Lothar weet even niet wat hij zeggen moet. Liewe en hij kennen elkaar ruim tien jaar, en het is eigenlijk nooit spaak gelopen tussen hen, maar vertrouwelijk werd het ook nooit. Niemand is vertrouwelijk met Liewe Cupido. Maar dat zijn vader visser was en op zee verdronken is, dat heeft Lothar tussen de spaarzame regels door wel begrepen.
“Je weet dat dat er niet toe doet, Liewe,” zegt Lothar.
“Ik ben vlak bij het vliegveld, maar Vos is bij me.”
“Ja? Wat wil je daarmee zeggen?”
“Die moet dus mee,” zegt Liewe en hij hangt op.’
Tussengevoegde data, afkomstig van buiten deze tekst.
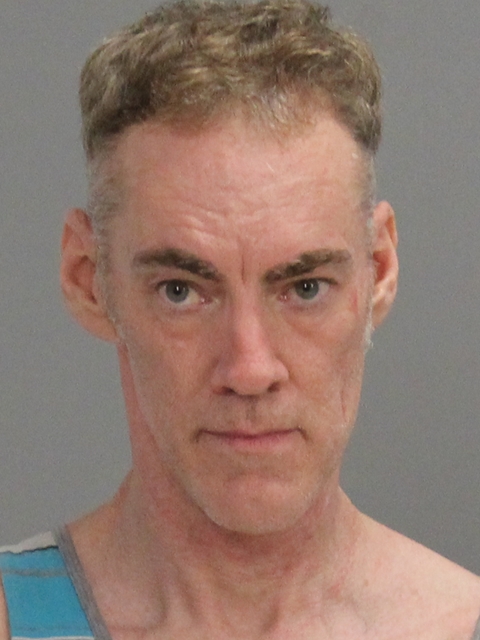 Fisher, Mark Alle arrested by Brazos County SO/PD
Niet alleen zijn die onbeschofte korte zinnetjes lekker, die hond en Liewes vader zorgen voor interessante extra lijnen. Zo brengt Vos hem in contact met een sympathieke hondentrainster, en komen er herinneringen naar boven over Jan Cupido — aan het slot trakteert Deen je alsnog op een nieuw mysterie, of tenminste op een nieuwe versie van de verdrinkingsdood van zijn vader. Maar vooral fascineert het hoe hij tussen de Duitse eilanden reist, Terschelling en Texel nog aandoet, mensen informeel aanspreekt en door weinig te zeggen veel loskrijgt, en de puzzel legt op een manier die zijn collega’s noch de mogelijke daders kunnen volgen.
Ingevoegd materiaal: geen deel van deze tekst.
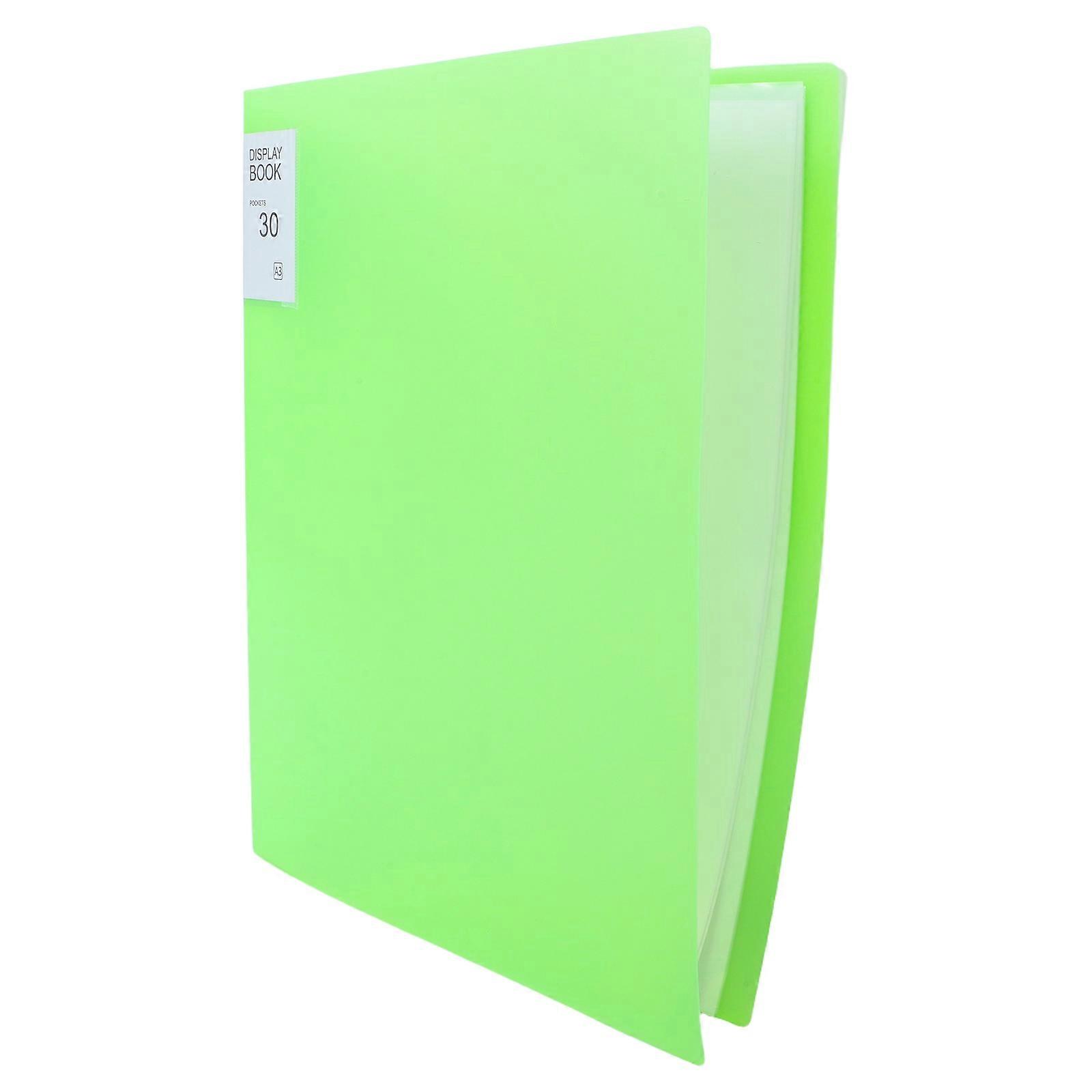 Professional Design Diamond Drawing Portfolio A3 For Collectors With Ample Space For Home Decoration And 1Set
‘Liewe kijkt.’ De stijl van Mathijs Deen

De andere troef is Deens literaire stijl. Als Liewe in het huis van het slachtoffer komt, ziet hij veel.
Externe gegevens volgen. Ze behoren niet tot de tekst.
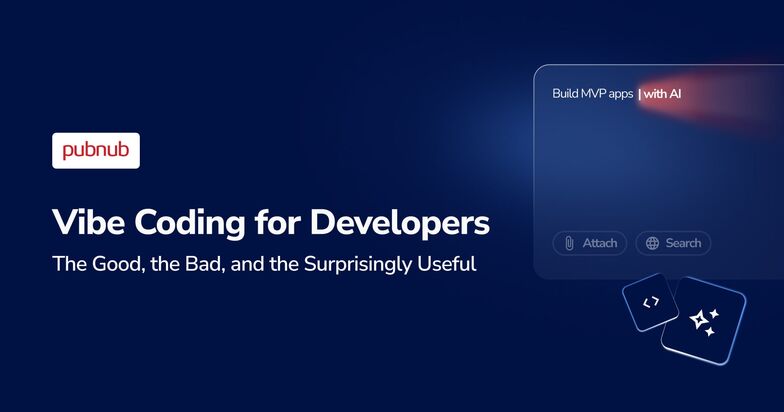 Vibe Coding for Developers: The Good, the Bad, and the Surprisingly Useful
‘Aycke is al doorgelopen. "Kijk," zegt hij vanuit de kamer. "Dit zijn Matz' kasten." Liewe loopt achter hem aan en blijft dan zwijgend staan voor een rijtje vitrinekasten die helemaal zijn volgeladen met opgedoken spullen. Boven iedere plank hangt een lampje te branden zodat de uitstalling zacht verlicht wordt. Het doet denken aan een uitdragerij van uitgediende, in de steek gelaten spullen. Liewe kijkt. Porseleinen borden met bloemetjesmotief, schoteltjes, kopjes, een theepot, flessen van groen, versierd glas, een dubbelloops donderbus, een staafkogel, een koksmes, een hygrometer, patroonhulzen, een telescoopkijker, metalen plaatjes met gegraveerde teksten (126, u-22, navigating officer), een sextant in doos, een merkplaat van een torpedo B.M.A.G. Schwartzkopff Berlin, een medaille, een scheepsvoorraad tinnen bestek, een lange schede van een mes, een drukmeter, een stapeltje musketkogels, een tinnen beker met het logo van de voc erop, zes lange Goudse pijpen, scheepsnagels, versierde knopen van een officiersjas en middenin deze opeengestapelde willekeur een portret van Matz zelf met een zwarte kras over zijn voorhoofd. "Die kras," zegt Liewe.’

Het gaat me om het zinnetje ‘Liewe kijkt’. Dat is even overbodig als krachtig, want dít is wat de Hollander doet. Kijken, analyseren, concluderen. Omgekeerd kan Deen ook ongegeneerd literair schrijven:

‘Het duurt uren voor Liewe in slaap valt. Al die tijd ligt hij op zijn rug en wacht. En als de slaap hem eindelijk overmant, komt die niet als een verlossing, maar als een schaduw die aan zijn voeteneind opwolkt, zich dan als een sluier over het bed uitspreidt en hem alle adem beneemt. Bewegingloos ligt hij op zijn bed, armen gestrekt langs zijn lichaam, maar in zijn droom draait hij zich om, spreidt zijn armen in een poging alles wat hem dierbaar is af te schermen voor de schaduw die als een net over hem geworpen is. Als hij wakker schrikt, trekt de schaduw zich maar heel geleidelijk terug. Hij is nog nooit zo bang geweest.’

Een schaduw die aan je voeteneind opwolkt, ja. De duiker is slim en sterk en sympathiek, en op alle niveaus goed geschreven. Ik krijg er zin van de Wadden te bezoeken, alle Waddeneilanden, ik krijg zin in een derde deel, en ik benijd alle lezers die dit boek nog mogen lezen.

Daan Stoffelsen is webredacteur bij Athenaeum Boekhandel.